The waitress came with their drinks. As the girl was setting them out, Bella continued to examine Quirke with a quizzical eye. Quirke paid and the waitress went off with another disapproving sniff. “Cheers,” Bella said, lifting her glass. “Here’s to life, eh?”

They drank in silence for a time, both looking off in different directions now, aware of a constraint. They were strangers, after all.

“So you knew Jack Clancy,” Quirke said.

She was looking towards the windows still, towards the pools of silvery light congregated there. “Yes, I knew him. On and off-you know. He used to call in, now and then.” She glanced at him, and shrugged, and gave her mouth a sadly grim little twist. Then she looked away again. When she lifted her glass it cast a metallic uplight on her throat. Quirke tried to guess her age. Forty? More?

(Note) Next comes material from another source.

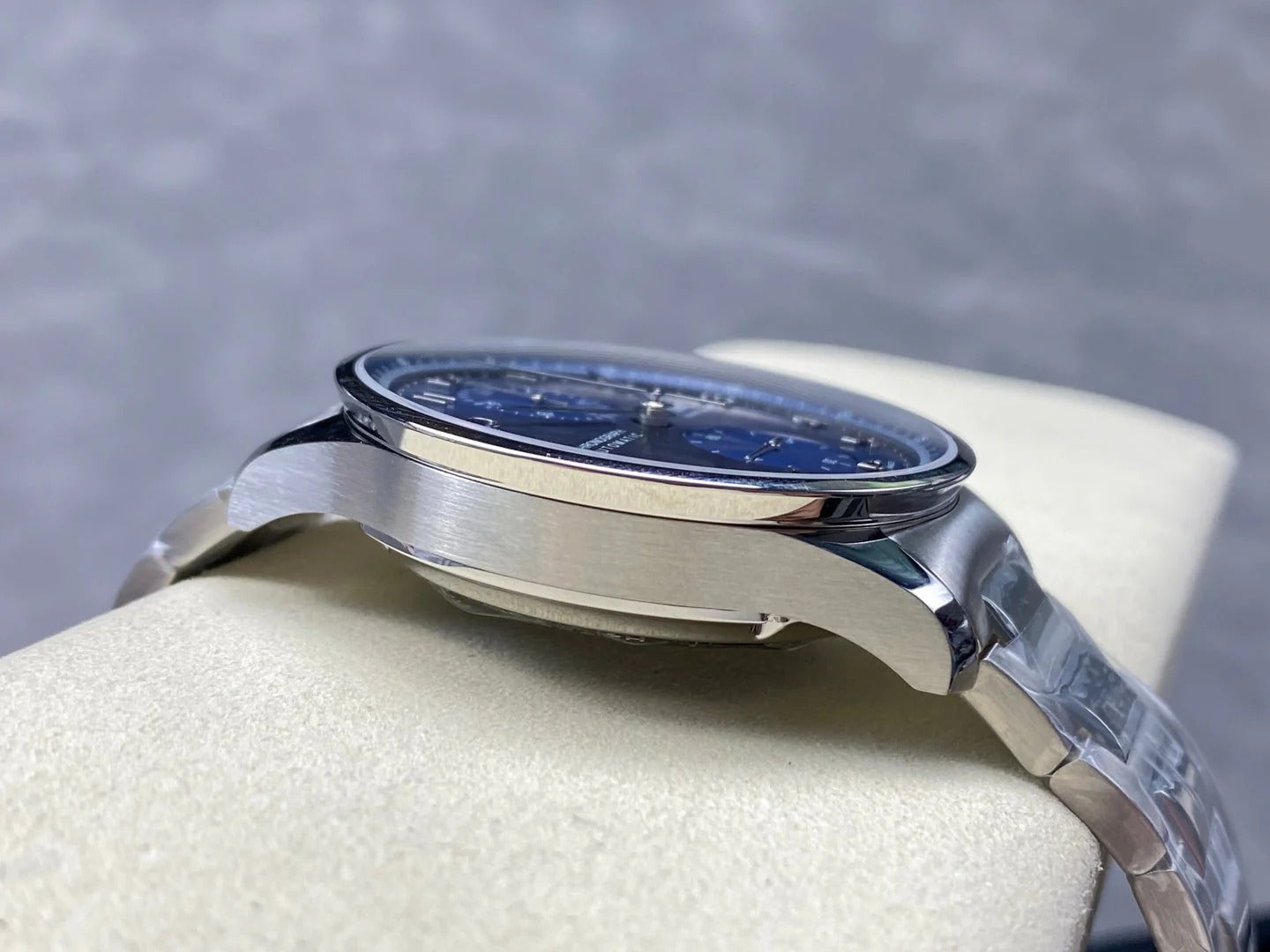 IWC Portuguese 41mm Blue Dial Silver Numerals Steel Case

A woman on her own, beginning to wonder if independence was all it was cracked up to be. “In fact,” she said, “he called in that night, the night that he-the night that he died.”

“Did he,” Quirke said, keeping all emphasis out of his voice.

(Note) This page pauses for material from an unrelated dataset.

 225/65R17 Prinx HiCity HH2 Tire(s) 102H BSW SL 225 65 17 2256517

Bella nodded, sucking in her underlip. “I keep going over it,” she said, “over and over, what he said, how he seemed, the way he looked.”

“And?”

She shrugged again. “And nothing.” She stubbed her cigarette into the ashtray. The butt kept burning, sending up a skein of acrid smoke. “There was something on his mind, all right,” she said. “It was his second visit to me in the space of days, though I hadn’t seen him in-oh, I don’t know. Years.”

“And what did he say?”

She gave him a sharp look. “What did he say about what?”

He opened his hands in front of her, showing his palms. “I don’t know. You said there was something on his mind.”

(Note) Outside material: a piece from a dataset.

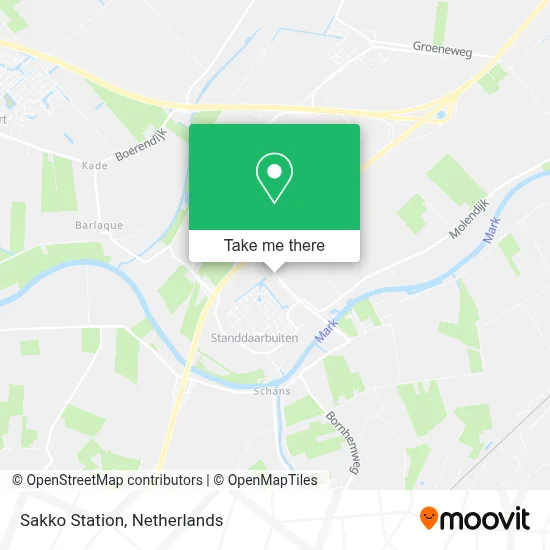 Sakko Station map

“And so there was. But he didn’t say anything.” She seemed angry suddenly. “He wasn’t the kind of person to say things. Or maybe”-she sighed, and shook her head-“maybe he was but he just didn’t say them to me. We weren’t what you’d call close, at least not in that way.”

Quirke was aware of a faint but burgeoning inner warmth, as if a pilot light in his breast had flickered into life. He recognized the sensation. He savored slightly illicit occasions such as this, a rainy lunchtime in a shabby hotel bar, with the fumes of strong drink in his nostrils and sitting opposite him a blonde of a certain age, circumspect and feisty, whose game eye seemed to offer possibilities that, if followed up in the right way, might lend a larger glow to the long afternoon stretching before them. He was supposed to be at the hospital, but Sinclair would cover for him. He thought of Isabel Galloway. She was rehearsing something by Chekhov that was coming to the Gate.

“Shall we have another?” he said to Bella Wintour.

He liked her little light-filled house. She made coffee for them, and they sat side by side on the sofa in the garden room, facing the big window. She told him this was where she had last sat with Jack Clancy. At such a moment another woman would have shed a tear, or produced a sorrowful sniff, but not this one. The rain had stopped and a watery sun was struggling to shine, and the garden sparkled, and a virtuoso thrush was doing its liquid whistling. Quirke would have preferred a drink but sipped his coffee with as much good grace as he could muster.

Bella had kicked off her shoes and sat sideways on the sofa with her bare, pink-soled feet drawn up. She was smoking one of his cigarettes. She had set a big glass ashtray on the sofa between them. Quirke was eyeing the chipped crimson polish on her toenails. He found women’s feet at once endearing and slightly repellent. He made himself look into the garden. “What’s that flower?” he asked. “The one with the white blossoms shaped like the end of a trumpet.”

“It’s a weed,” Bella said. “I can’t remember the name.”